This will be important to use it for fserror reporting.
Signed-off-by: Christoph Hellwig <hch@lst.de>
---
block/bio.c | 7 +++----
fs/buffer.c | 5 ++++-
fs/iomap/ioend.c | 11 ++++++++---
include/linux/bio.h | 17 +++++++++++++++++
include/linux/blk_types.h | 1 -
include/linux/buffer_head.h | 2 ++
include/linux/iomap.h | 6 +++++-
7 files changed, 39 insertions(+), 10 deletions(-)
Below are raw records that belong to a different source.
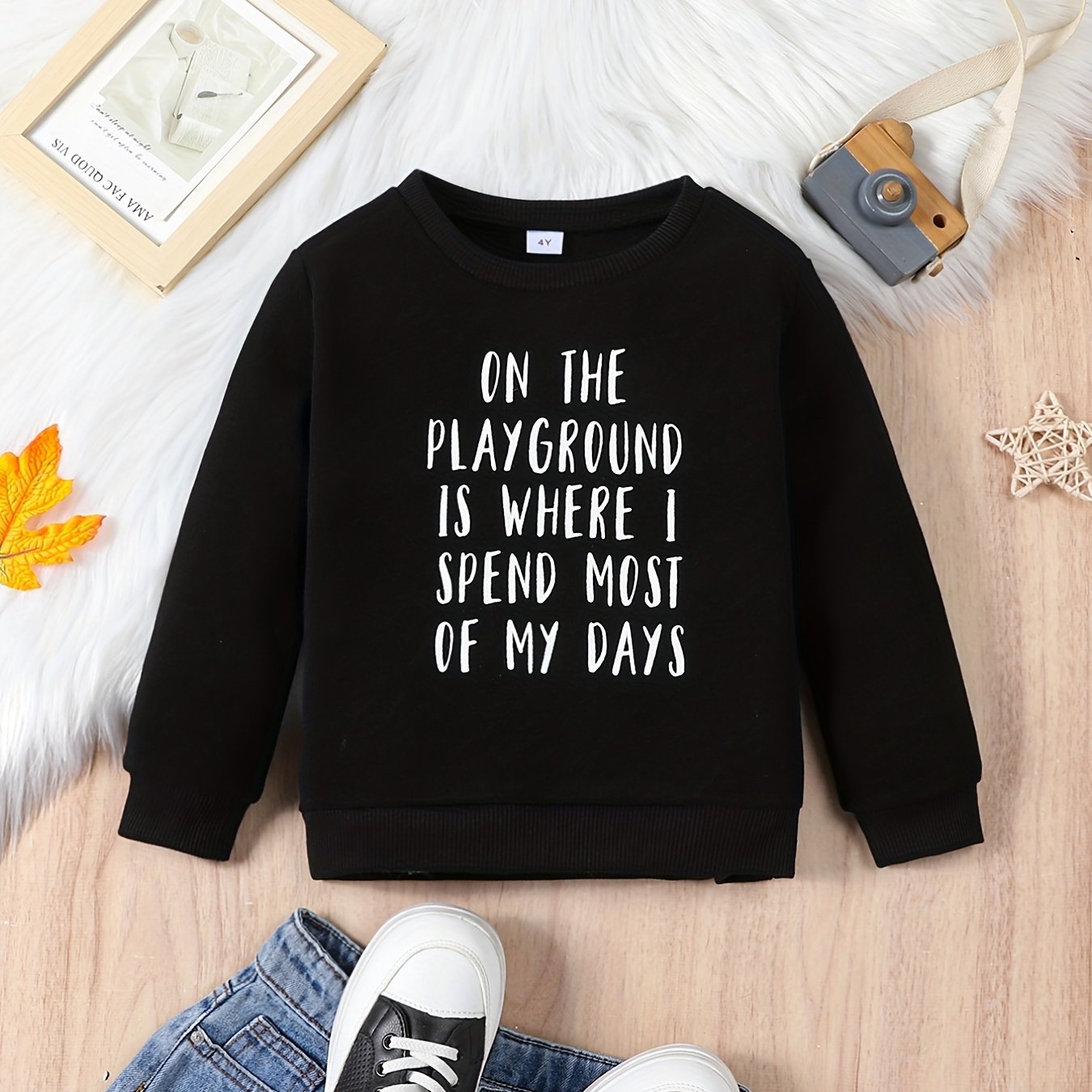 Kid's Letter Print Sweatshirt Thermal Pullover Crew Neck Top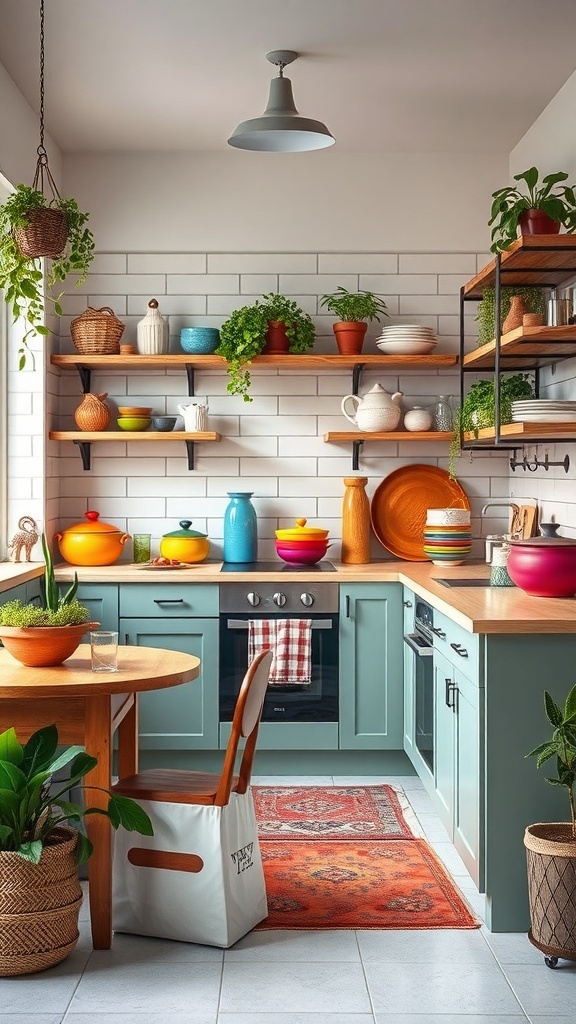 A colorful and cozy maximalist kitchen with vibrant bowls, plants, and a rustic table.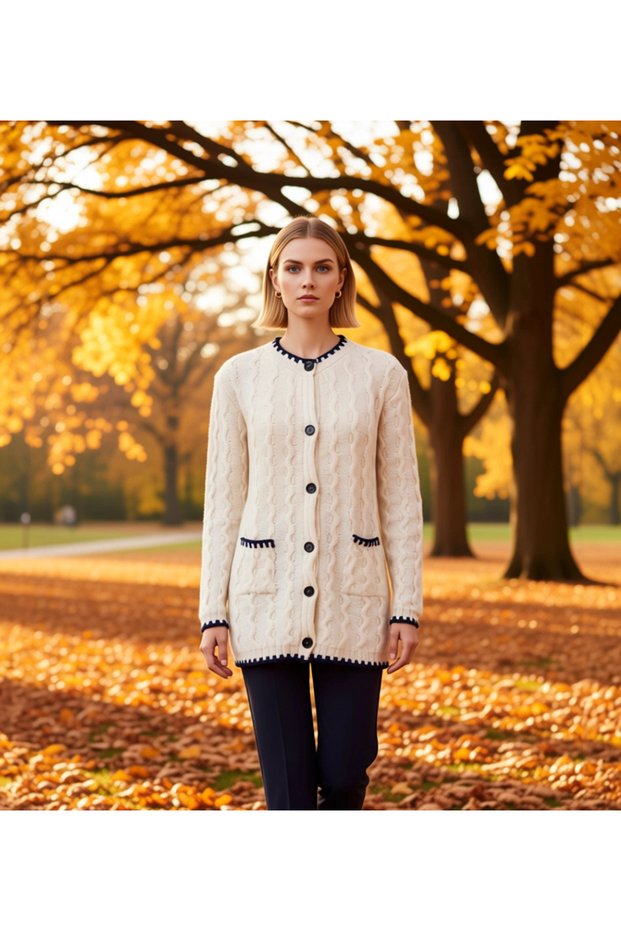Women's Hair Braid Patterned Contrast Detailed Buttoned Long Sleeve Knitwear Cardigan Comfortable Fit Daily Chic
diff --git a/block/bio.c b/block/bio.c
index 550eb770bfa6..88d191455762 100644
--- a/block/bio.c
+++ b/block/bio.c
@@ -1753,7 +1753,7 @@ static void bio_complete_work_fn(struct work_struct *w)
} while (1);
}
-static void bio_queue_completion(struct bio *bio)
+void __bio_complete_in_task(struct bio *bio)
{
struct bio_complete_batch *batch = this_cpu_ptr(&bio_complete_batch);
@@ -1761,6 +1761,7 @@ static void bio_queue_completion(struct bio *bio)
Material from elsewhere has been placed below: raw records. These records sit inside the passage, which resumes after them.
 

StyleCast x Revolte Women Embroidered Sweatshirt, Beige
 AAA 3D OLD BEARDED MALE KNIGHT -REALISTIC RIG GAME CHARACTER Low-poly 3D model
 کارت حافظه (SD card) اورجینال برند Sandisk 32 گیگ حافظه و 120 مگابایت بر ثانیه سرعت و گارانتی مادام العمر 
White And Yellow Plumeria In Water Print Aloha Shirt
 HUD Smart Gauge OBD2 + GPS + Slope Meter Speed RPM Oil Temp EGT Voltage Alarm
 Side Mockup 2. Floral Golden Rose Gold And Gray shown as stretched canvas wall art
mod_delayed_work_on(batch->cpu, bio_complete_wq,
&batch->work, 1);
}
+EXPORT_SYMBOL_GPL(__bio_complete_in_task);
static inline bool bio_remaining_done(struct bio *bio)
{
@@ -1836,9 +1837,7 @@ void bio_endio(struct bio *bio)
}
#endif
- if (!in_task() && bio_flagged(bio, BIO_COMPLETE_IN_TASK))
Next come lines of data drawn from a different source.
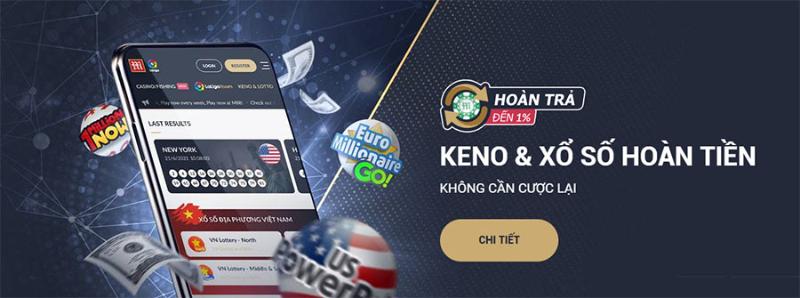Sự kiện ưu đãi có trong sảnh Keno & xổ số tại M88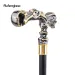 Golden Black Skull Walking Stick Decorative Vampire Decorative Cane For Halloween For Cosplay And Parties, For Cosplay & Party_desvips.com
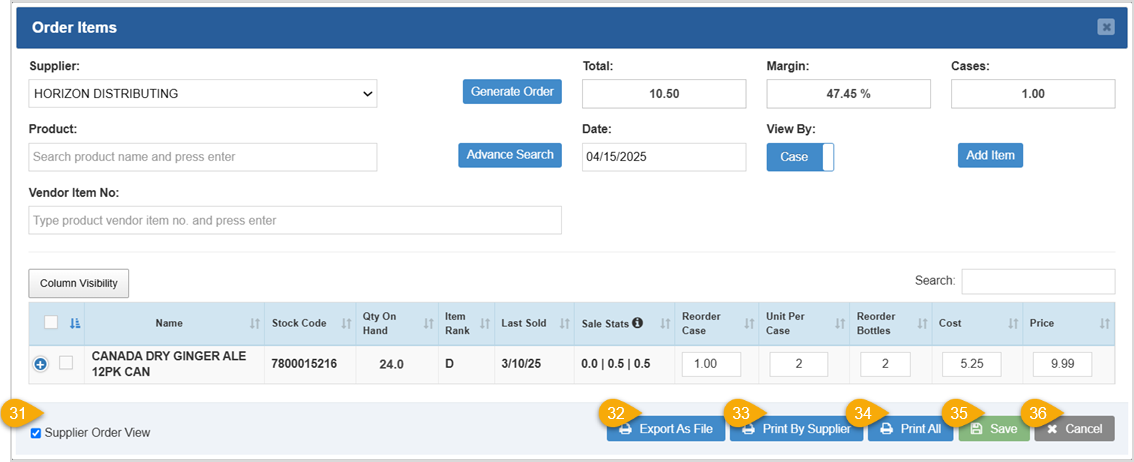 Image displaying the Order Items window of the Bottle POS Admin, specifically highlighting the bottom row of functions.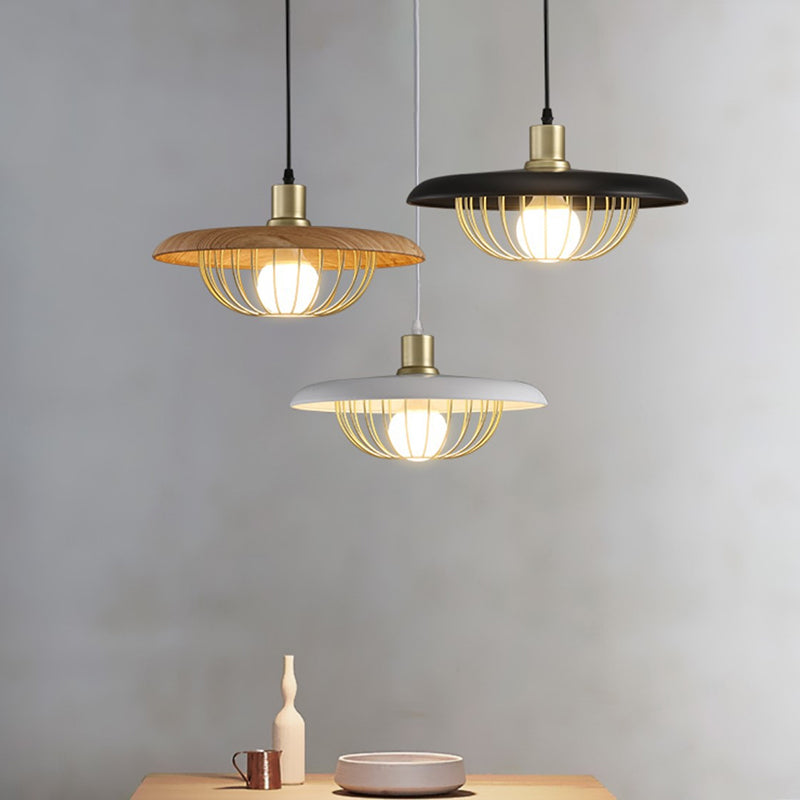 Style minimaliste moderne en cage suspendu suspension en métal 1 éclairage pendentif léger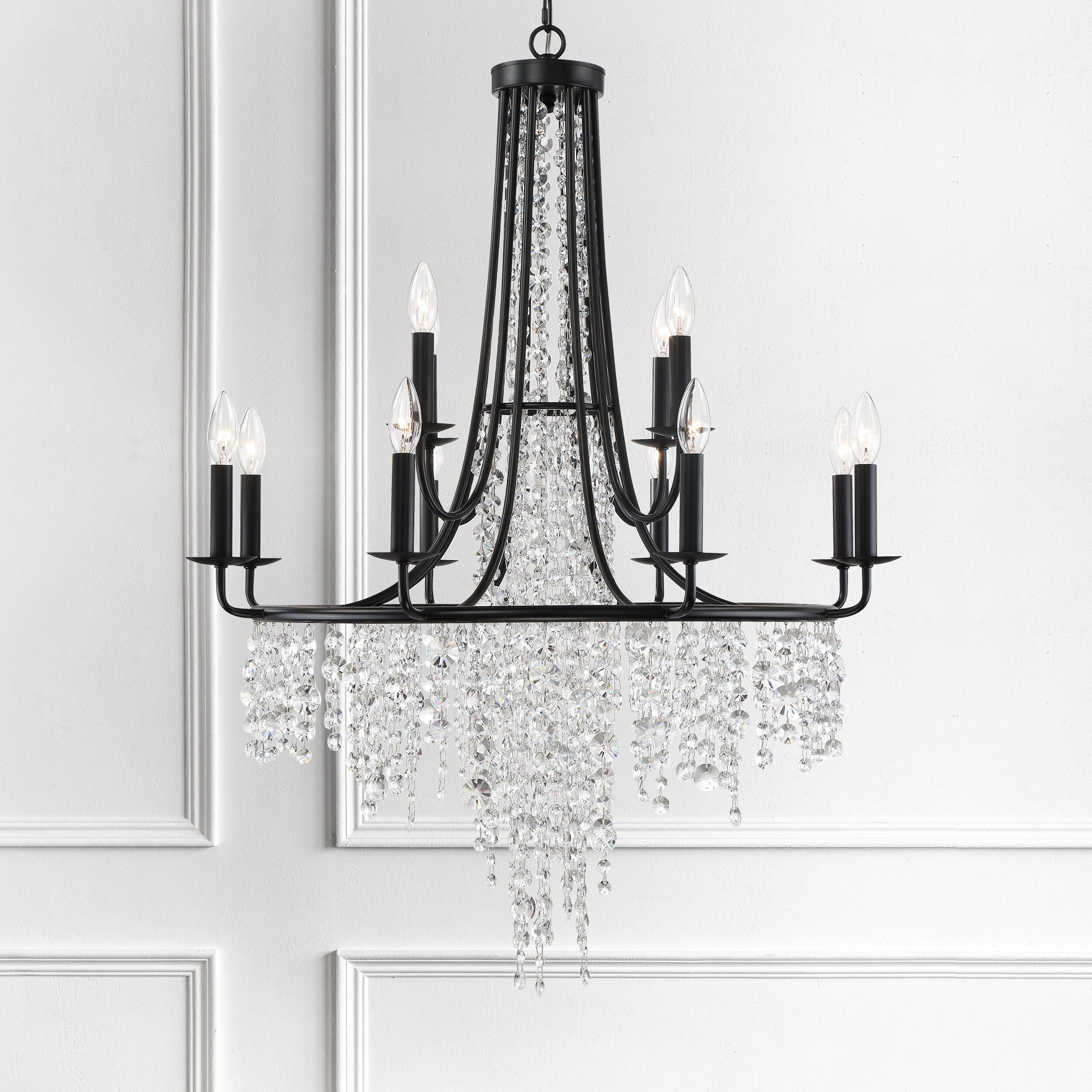 Gabrielle 12 Light 30 inch Matte Black Chandelier Ceiling Light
- bio_queue_completion(bio);
- else if (bio->bi_end_io)
+ if (bio->bi_end_io)
bio->bi_end_io(bio);
}
EXPORT_SYMBOL(bio_endio);
diff --git a/fs/buffer.c b/fs/buffer.c
index 289ab33fe3fd..b5de776c8491 100644
--- a/fs/buffer.c
+++ b/fs/buffer.c
@@ -2673,6 +2673,9 @@ static void end_bio_bh_io_sync(struct bio *bio)
{
struct buffer_head *bh = bio->bi_private;
+ if (buffer_dropbehind(bh) && bio_complete_in_task(bio))
+ return;
+
if (unlikely(bio_flagged(bio, BIO_QUIET)))
set_bit(BH_Quiet, &bh->b_state);
@@ -2725,7 +2728,7 @@ static void submit_bh_wbc(blk_opf_t opf, struct buffer_head *bh,
buffer_set_crypto_ctx(bio, bh, GFP_NOIO);
if (folio_test_dropbehind(bh->b_folio))
- bio_set_flag(bio, BIO_COMPLETE_IN_TASK);
+ set_buffer_dropbehind(bh);
bio->bi_iter.bi_sector = bh->b_blocknr * (bh->b_size >> 9);
bio->bi_write_hint = write_hint;
diff --git a/fs/iomap/ioend.c b/fs/iomap/ioend.c
index 892dbfc77ae9..a32ece8a3ee3 100644
--- a/fs/iomap/ioend.c
+++ b/fs/iomap/ioend.c
@@ -117,6 +117,12 @@ static void ioend_writeback_end_bio(struct bio *bio)
{
struct iomap_ioend *ioend = iomap_ioend_from_bio(bio);
+ /* Page cache invalidation cannot be done in irq context. */
+ if (ioend->io_flags & IOMAP_IOEND_DONTCACHE) {
+ if (bio_complete_in_task(bio))
+ return;
+ }
+
ioend->io_error = blk_status_to_errno(bio->bi_status);
if (ioend->io_error) {
iomap_fail_ioend_buffered(ioend);
@@ -237,6 +243,8 @@ ssize_t iomap_add_to_ioend(struct iomap_writepage_ctx *wpc, struct folio *folio,
if (wpc->iomap.flags & IOMAP_F_SHARED)
ioend_flags |= IOMAP_IOEND_SHARED;
+ if (folio_test_dropbehind(folio))
+ ioend_flags |= IOMAP_IOEND_DONTCACHE;
if (pos == wpc->iomap.offset && (wpc->iomap.flags & IOMAP_F_BOUNDARY))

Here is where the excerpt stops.